Die trillern von früh bis spät
Nach den ganzen Schlechtwetterbottschaften soll es heute mal wieder um eine prägende Vogelart gehen, die in Nordfriesland auch als „Halligstorch“ bekannt ist: der Austernfischer (Haematopus ostralegus).
Die Farbauswahl und Musterung mit schwarz-weißem Gefieder, karottenfarbigem Schnabel und roten Beinen macht die Vögel unverwechselbar und begründet auch den obigen Spitznamen, auch wenn die schwarz-weiß Verteilung beim echten Storch etwas anders ist.
Aber Austernfischer sind nicht nur echte Hingucker, sie machen auch ständig und lautstark auf sich aufmerksam. Ohne Übertreibung kann man behaupten, dass sie die lautesten Vögel des Wattenmeers sind. Wenn man einmal einem Nest oder Jungvogel zu nahe kommt und die Eltern im Tiefflug laut kreischend am Kopf vorbeifliegen, können sie es in der Lautstärke durchaus mit einem Rockkonzert aufnehmen. Dieses Verhalten trifft nicht nur den, in ihren Augen, „bösen“ Vogelwart, sondern auch alle anderen potentiellen Fressfeinde von der Sturmmöwe bis zum Seeadler.
Somit hätten wir schon eine „Charaktereigenschaft“ umrissen: Austernfischer sind todesmutig, tollkühn und verteidigen ihren Nachwuchs bis zum letzten. Und das ist auch nötig, denn die Eier und Küken sind zwar gut getarnt, doch bis die Küken schnell genug laufen können und dem Möwenschnabel entwachsen sind, sind sie leichte Möwenhappen.

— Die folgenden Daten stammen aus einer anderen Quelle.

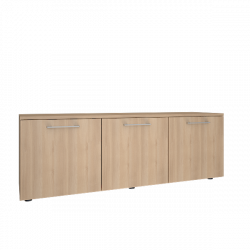 Тумба модульная трехсекционная ЙАЛТА ЛТ-ТС 3.6Р Акация Лорка / YALTA LT-TS 3.6R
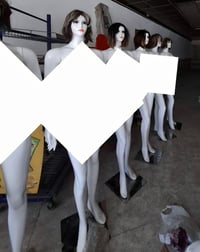 ٧ مانيكانات • شبه جديدة • سيميل دهوك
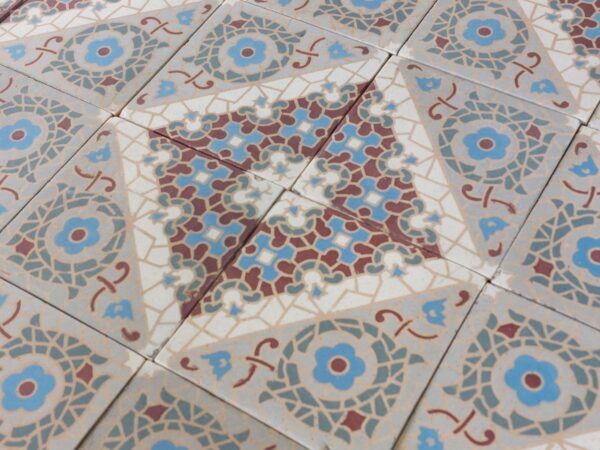 Old reclaimed tiles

Doch vor dem Ei kommt bekanntlich das Nest, zumindest meistens, und beim Wo sind Austernfischer als Art nicht so fest gelegt. Man findet Nestern vom Strand bis in die untere Salzwiese und so unterschiedlich sehen die Nester dann auch aus. Am Strand ist es eine einfache Kuhle im Sand, während die Kuhle in der Wiese mit Halmen ausgelegt wird.

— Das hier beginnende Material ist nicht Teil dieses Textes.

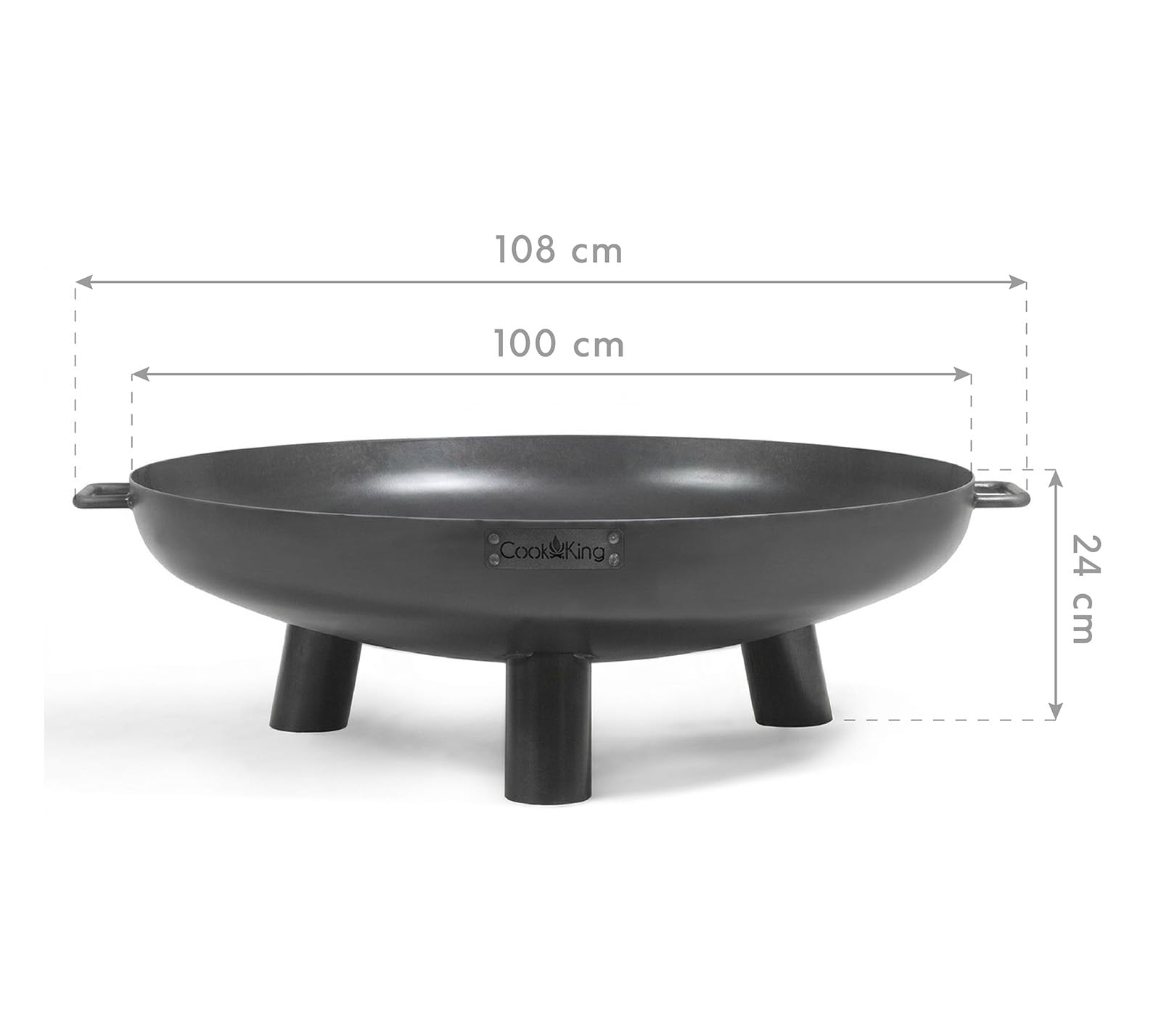 cookking-bali-feuerschale-100-cm-stahl-naturstahl image 7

Das Individuum ist bei der Ortswahl jedoch durchaus festgelegt. Denn Austernfischer sind sehr territorial und verteidigen auch ihr Territorium erbittert gegen alle fremden Artgenossen. Richtige Kämpfe mit möglichen Verletzungen oder gar dem Tod eines Kontrahenten sind jedoch evolutiv für eine Art nicht günstig. Denn einer oder gar beide Kontrahenten bekommen im schlimmsten Fall keine Nachkommen. Besser wäre es also, seine Kräfte bzw. seinen Status zu messen, ohne sich zu verletzen. Da dann mindestens eine Partei Nachwuchs bekommen kann, kann sich dieser Weg evolutionär durchsetzen und so haben sich vermutlich ritualisierte Duelle entwickelt. Die Austernfischer testen ihre Grenzen mit sogenannten „Triller-Duellen“, bei denen die laute Stimme wieder eine große Rolle spielt. Denn die „Kontrahenten“, Einzeltiere oder Paare, manchmal auch Paargruppen, laufen in einer stark standartisierten Abfolge laut trillernd mit gesenktem Kopf auf einander zu, nebeneinander und umeinander her. Doch damit nicht genug wird manchmal auch im Flug weitergetrillert.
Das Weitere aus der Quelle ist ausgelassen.